However, additional care must be taken before operations between representations of different lengths can take place. Specifically, in this case the binary representations of the initial values are:

 

i16 = 0000 0001 0000 0000

i8  =           1111 1111

 

Let’s try to add them up. Notice the empty space in i8? There is nothing there. But then we try to add i8 to i16, what should we do? Should we just ignore the “missing” bits, fill them with zero, or do something else?

Let’s try the fill them with zero (ignoring, i.e., just copying the upper 8 bits of i16 produces the exact same result in this case):

 

i16 = 0000 0001 0000 0000

i8  =           1111 1111

---------------------------

+   = 0000 0001 1111 1111

 

What is the result? It is a positive number (since the MSB is 0) and its value, if you do the conversion to decimal, is 511. That’s not the 255 we expected.

For the addition to work, we have to convert the number with the shorter representation, to a representation that has the same length as the other number. In the case of signed numbers (integers) this is called sign extension. What do in sign extension is to copy the MSB bit to all the vacant positions. So, starting with i8 we take it’s MSB which is underlined here 1111 1111, and copy as many times as necessary to generate a 16 bit number: 1111 1111 1111 1111. If you interpret now this 16-bit quantity as an integer in 2’s complement you will see that it represents -1. Now do the addition and you will end up with:

 

1 0000 0000 1111 1111

^ this is a carry out and is discarded. So we are left with 0000 0000 1111 1111 which is 255.

 

If i8 was 0111 1111 (or 127) then sign extension to 32 bits would have produced 0000 0000 0111 1111, which is still 127 in 16 bits.

 

So, returning to our C statement, in reality what the computer does to perform the addition is the following

 

short temp;

 

temp = (sign-extend) i8; // this is pseudo-code, you can get the same effect by writing temp = (short) i8

I16 = i16 + temp;

 

Zero Extension

 

A similar issue to the one just describe applies to unsigned numbers. In this case, however, things are much simpler. Whenever we need to operate on two unsigned numbers of different lengths, we again convert the shorter number to the longer one, but in this case we can just fill in the vacant positions with 0. So, for example:

 

unsigned short i16 = 256;

unsigned char i8 = 10;

 

The binary representations are:

I16 = 0000 0001 0000 0000

I8 =            0000 1010

 

If we need to do i16 = i16 + i8, then we zero extend i8 (the zero extended digits are underlined) to 16 bits and do the addition:

I16 = 0000 0001 0000 1010

I8  = 0000 0000 0000 1010

-------------------------

+     0000 0001 0000 1010

 

Which is 266.

 

Unfortunately, there is no direct way of declaring binary numbers in C or C++. And this brings us to the next topic:

 

Convenient representations of binary numbers for humans, or, how to write long binary numbers in a program:

 

When dealing with computers it is often necessary to declare/write binary constants. It is pretty inconvenient and error prone to write 32-bit binary numbers. For this reason, it is convenient to use the hexadecimal or the octal system. In the hexadecimal system each digit can take values from 0 up to 15. For practical reasons digits 10 through 15 are represented with A, B, C, D, E and F respectively.

 

The nice thing about the hexadecimal system is that because 16=2^4 each hexadecimal digit can be directly converted into a 4 bit number and vice versa. So, this way, writing down 32-bit constants results in a much more compact representation.  In C we can specify hexadecimal constants using the 0x prefix.
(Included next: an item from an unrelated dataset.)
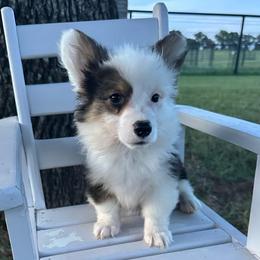 Pie - Black and tan male Pembroke Welsh Corgi puppy in Decatur, Texas from Bar S Corgis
So, 0xdeafbeef corresponds to the following 32-bit binary number

 

0000 111a 1010 1011 1011 1110 1110 1111

0   f    a    b    b     e    e    f

 

Of course, if the leading digits are zeroes we do not have to write them down. So 0x1 = 0x00000001. The 0x prefix is used to differentiate from decimal numbers as 109 is meaningful in both systems.

 

Things can get a bit ugly with the hexadecimal representation. Sometimes, it is not obvious how many digits are really there. For example, let’s say we have a 7-bit number which is 101 0001 in binary. You may see this been represented as 0x51 in hexadecimal. The leading 5 corresponds only to three bits in this case. How can you tell how many bits a hexadecimal number corresponds to? Someone has to specify that. It will often be clear from other information. All but the leftmost digit correspond to four bits. The leftmost digit can be representing anywhere from 1 to up to 4 bits.

  

Similarly to the hexadecimal system, the octal system where digits take the values 0 through 7 can also be used for compactly representing binary numbers. A single octal digit corresponds to a 3 bit number. In C octal constants are prefixed with 0. So, if you write 041 you are getting 4x8+1 = 33 and not 41.

 

How can a computer understand that a constant is in hexadecimal (hex for short) or in octal?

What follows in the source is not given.